Aus Dmitrijs Sicht gleichen die Zustände an der SozFak einem autoritären politischen System im Kleinen: "Da gab es ein strenges Regime unter dem Dekan, und eine passive Studentenmehrheit. Unzufriedene Dissidenten diskutierten die Lage in der Wohnheimküche." Eine Handvoll kritischer Studenten gründete die Aktionsplattform "od group". Alexandrina erklärt die Hierarchie der SozFak: "Der Dekan ernennt die Mitglieder des Wissenschaftlichen Rates, und der Rat wählt wiederum den Dekan. Das ist ein geschlossener Kreis." Ihre Mitstreiterin Elja fügt hinzu: "Bei einer Versammlung sind Studentenvertreter scharf gegen uns aufgetreten und haben uns sogar als Extremisten bezeichnet." Kritische Stimmen, so Elja, seien als "Provokateure" hingestellt worden, als "Bedrohung der staatlichen Ordnung". Auch die Lehre an der Fakultät sei mangelhaft: Aktuelle Theorien würden nicht unterrichtet, in Seminaren werde kaum diskutiert. Viele Studenten kämen durch Bestechungen an die Fakultät und nicht wegen ihres Wissens und Interesses.

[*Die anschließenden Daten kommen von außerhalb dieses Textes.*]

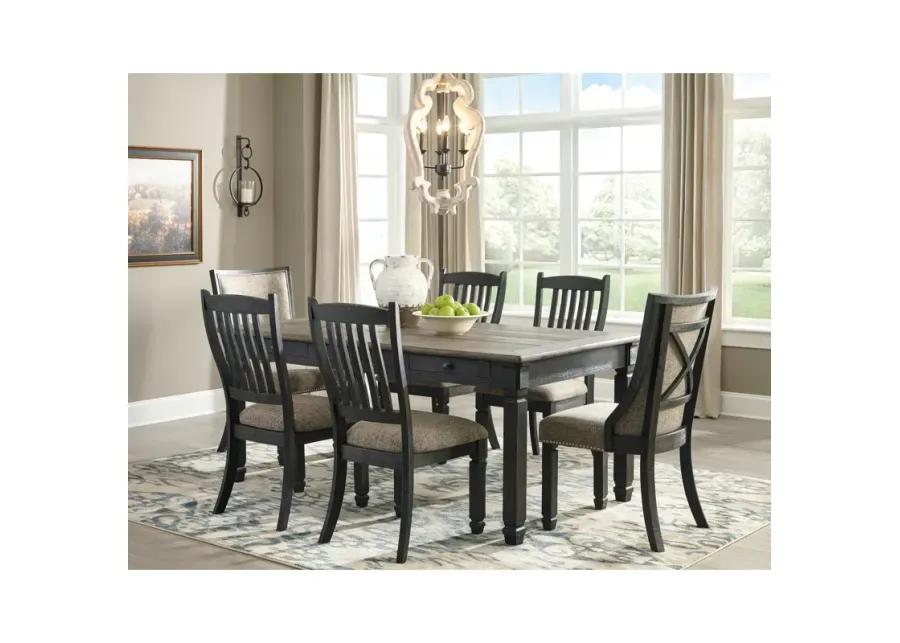 Tyler Creek Dining Chair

Anfang des Jahres begann die "od group" mit Protestaktionen. Am 28. Februar verteilten sie Flugblätter mit ihren Forderungen vor der Fakultät. Nach nur wenigen Minuten wurden die Studenten wegen "nicht genehmigter Nutzung von Massenmedien" verhaftet. Der Vorfall wurde zum Politikum, weil der unabhängige Radiosender Echo Moskau und mehrere Zeitungen vor Ort waren. Der Dekan der SozFak, Wladimir Dobrenkow, verurteilte die Aktivitäten der Studenten als "Extremismus". Die Studenten wehrten sich. Sie erreichten beim MGU-Rektor, beim Bildungsministerium und der staatlichen Gesellschaftskammer die Einsetzung von Kommissionen zur Untersuchung der Qualität der Lehre. Im Ergebnis vertröstete sie das Rektorat auf einen langsamen Wandel; die Gesellschaftskammer beurteilte den Unterricht als mangelhaft; und Experten des Bildungsministeriums entdeckten, dass die Lehrbücher des SozFak-Dekans Dobrenkow zu großen Teilen abgeschrieben waren – Plagiat!

Klimawandel

Mittlerweile hat der Protest der "od group" einiges in Bewegung gesetzt: Eine wachsende kritische Öffentlichkeit hat sich gebildet. Wissenschaftler, Journalisten und Bürger aus dem In- und Ausland haben sich mit der "od group" solidarisch erklärt. Vor allem aber hat an der Fakultät ein Klimawandel eingesetzt: Kritisch denkende Studenten treten mit ungekanntem Selbstbewusstsein auf. Doch Erfolge bleiben Etappensiege, solange gegen das Dekanat weitere Schritte von der Leitung der MGU ausbleiben.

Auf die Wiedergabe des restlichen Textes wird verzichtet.